You do imagine working on a roof terrace to be inspiring. “It’s a wonderful place to come up with ideas and solve problems. Bike racks have been a big thing for us for a while; we put a big one in Temple Studios a year or two ago. At the time, investors were like: ‘You’re giving over all the inside space to bikes? They don’t pay any rent!’ But it’s for the greater good. This is a scheme we want people to subscribe to, it’s lifestyle, a feel-good factor, another reason to come to us. Covid has brought this – what was starting to happen as a trend – into sharp focus, and put it in the mainstream so every employer’s saying it now.”

The 15-minute city, a world away from Wall Street

When TCN bought Piano House in 2006, everyone thought they were mad, says Richard. “It was miles from the West End. They said; who on Earth is going to rent offices in Brixton? And we thought; a lot of people because there’s a cool culture. You don’t need to go to the West End to sit outside a restaurant. Do it locally. That’s always been part of our DNA. Norwich’s Fuel Studios is a classic example. When we were buying it, the valuers said the value would be hit because it’s not in the ‘office location’ or CBD – central business district.

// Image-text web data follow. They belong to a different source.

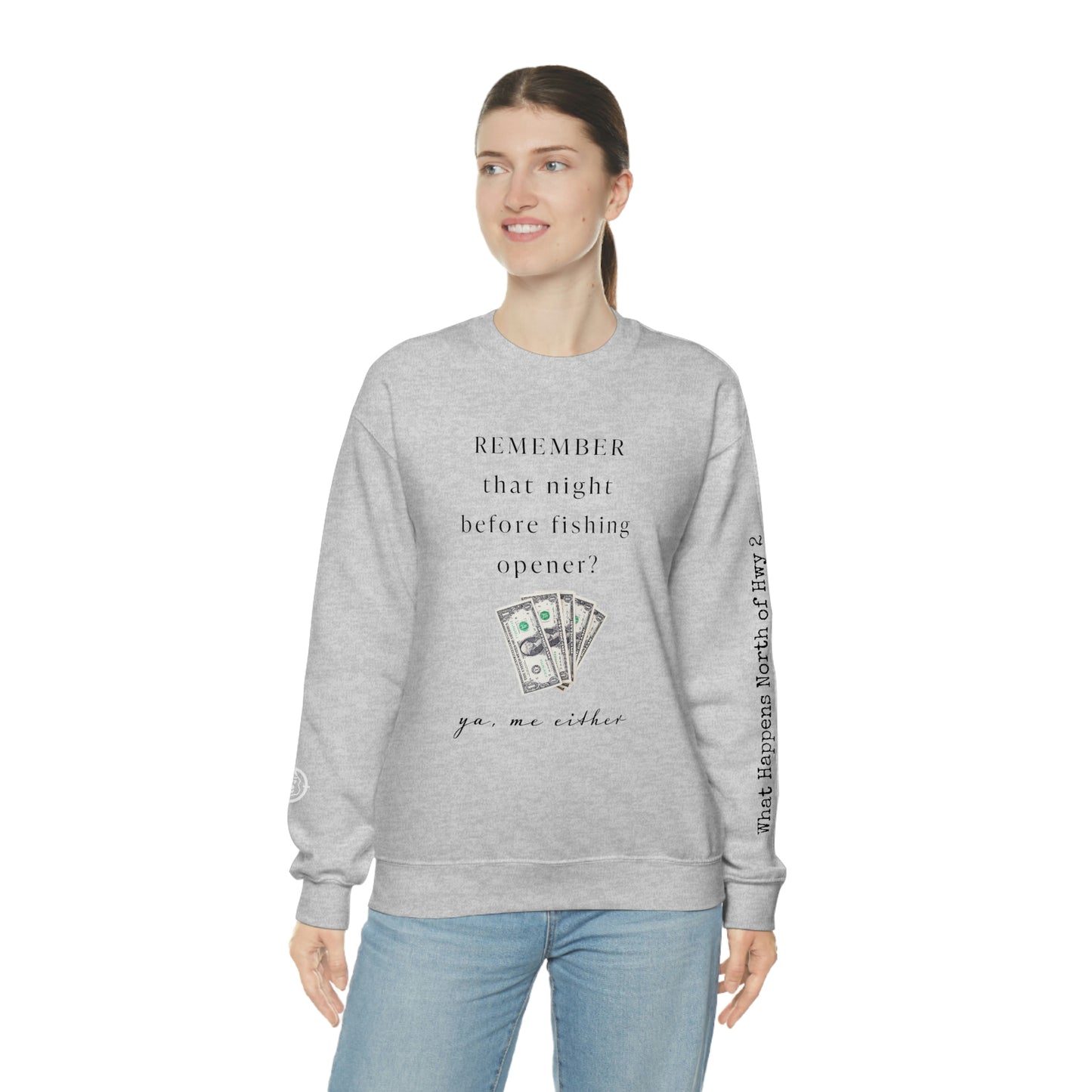 Remember That Night - Fishing Opener $$ -  North of Hwy 2 - Unisex Heavy Blend™ Crewneck Sweatshirt - FishingTheme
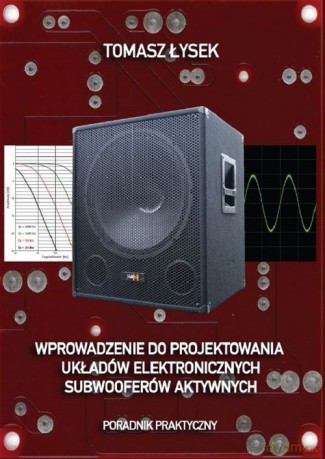 Wprowadzenie do projektowania układów elektronicznych subwooferów aktywnych - Tomasz Łysek [KSIĄŻKA]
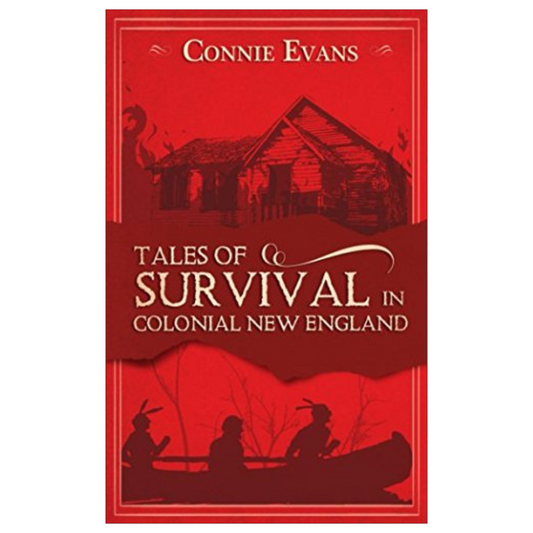 Tales of Survival in Colonial New England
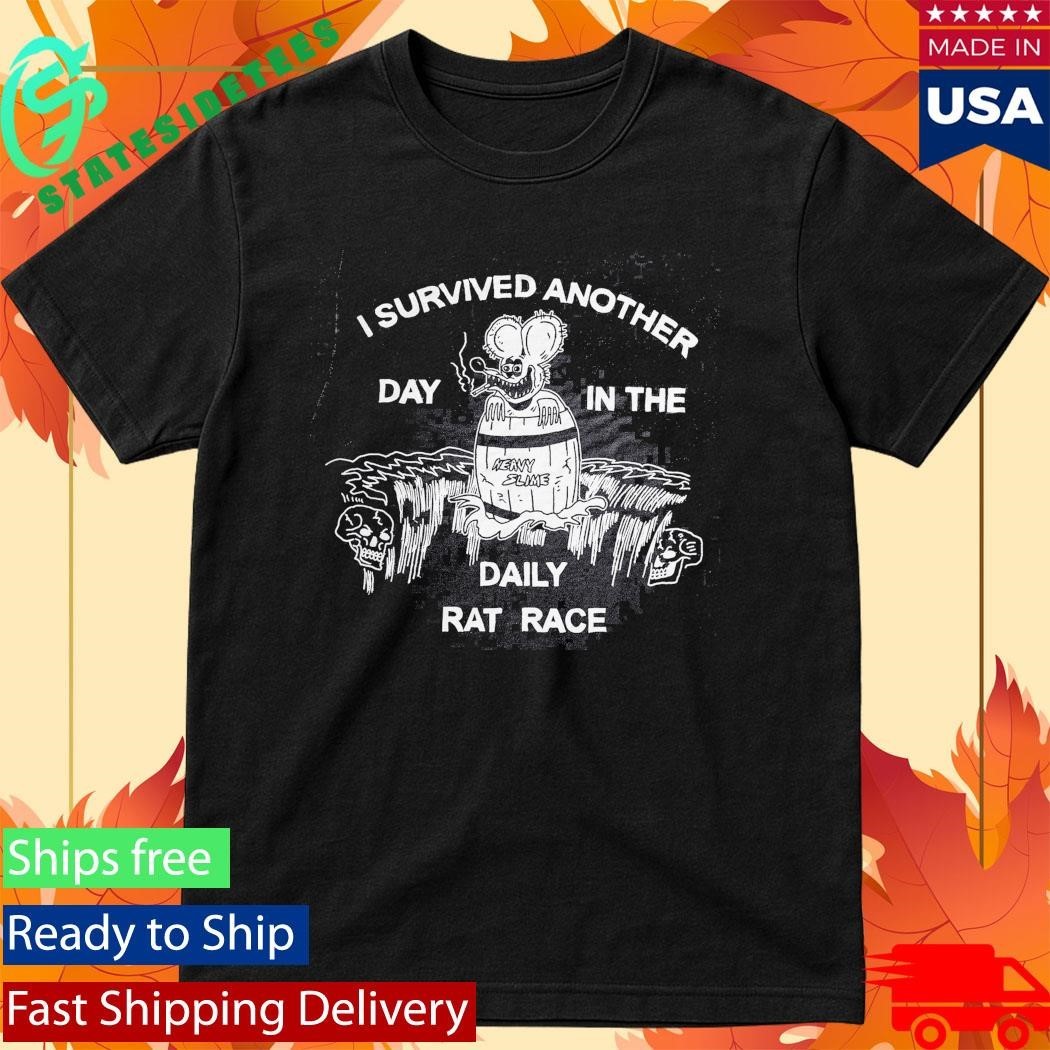 I Survived Another Day In The Daily Rat Race Shirt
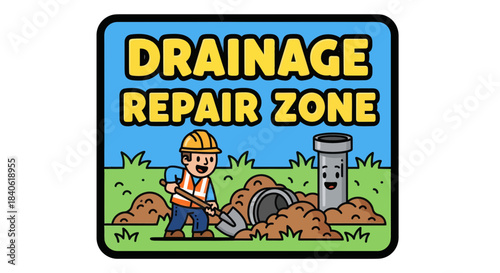 Drainage Repair Zone Sign Illustrates Construction Site Infrastructure Maintenance Effort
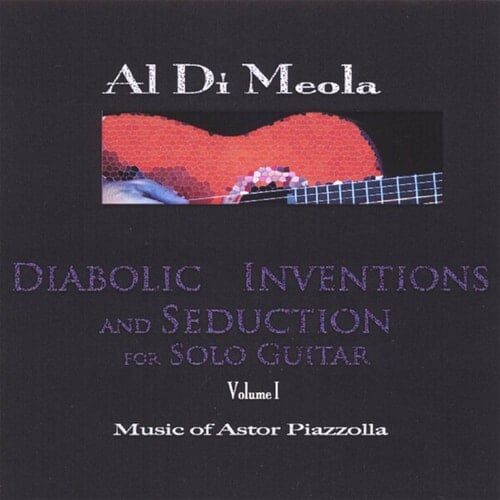 Diabolic Inventions and Seduction for Solo Guitar (Volume 1, Music of Astor Piazzolla)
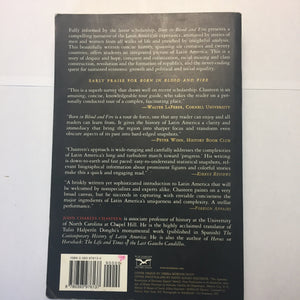 Born in Blood & Fire: A Concise History of Latin America, Second Edition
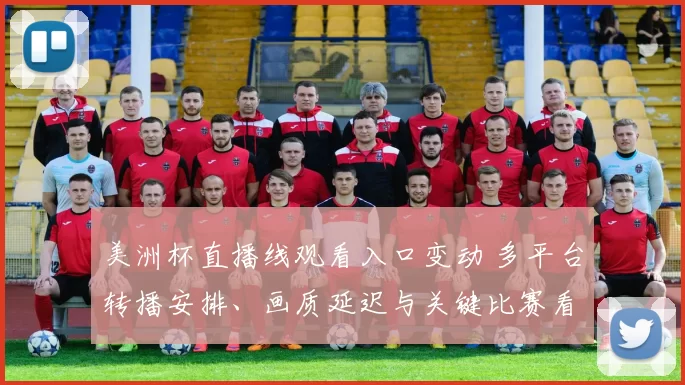 美洲杯直播线观看入口变动 多平台转播安排、画质延迟与关键比赛看点分析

This huge, beautiful building was not worth what it could be.

“It’s in the Lanes, the lovely part of Norwich with the barber shop and producers and cocktail bars, and they were telling us that was worse than being out on a business park where all the other offices are. There’s been that mentality for years – but when I finish work I want to go for a drink and a high five. It’s all part of the lifestyle, and obviously there’s the environmental angle to it too which is very important.”

Central is the mantra: live locally, work locally, support your community. “That’s whats life’s about,” says Richard. “That’s more important than which type of Porsche you drive or how many hours you can do, as per the ’80s culture. Local is our Future: Steps to an Economics of Happiness is a great book that came out pre-Covid, about how you can work and enjoy being within a community.”

So, will it all completely push out into boroughs and local economies, as some have suggested? “I think there’ll be a revival of some of areas through people working near home but there’ll still be a place for the city centre. The days are over of trains packed with people piling into the middle of London every day. You might work two days a week in Balham, buy your lunch off a local, then two or three days at head office with the team, going for dinner in the West End. It’s that balance which you can then play out into London versus the regions; great cities that are within reach of London. Norwich, Bristol; regional hubs where you can have an office for 15% of the London cost, attract great staff who appreciate cheaper housing, good schools, getting to the beach on weekends, and when you’ve got the client presentation you jump on a train and an hour or so later you’re in the capital.”

Bristol, he’s found, has been at the forefront of all these positive new trends. “The cycling, the local, the pride in being a Bristolian and championing local causes it’s always been very strong on. That’s why so many people want to live here and it gets great retention from its universities and it’s a wonderful place to work and live – a good example of the 15-minute city in action and a template for where a lot of cities will get to over time, accelerated by this pandemic.”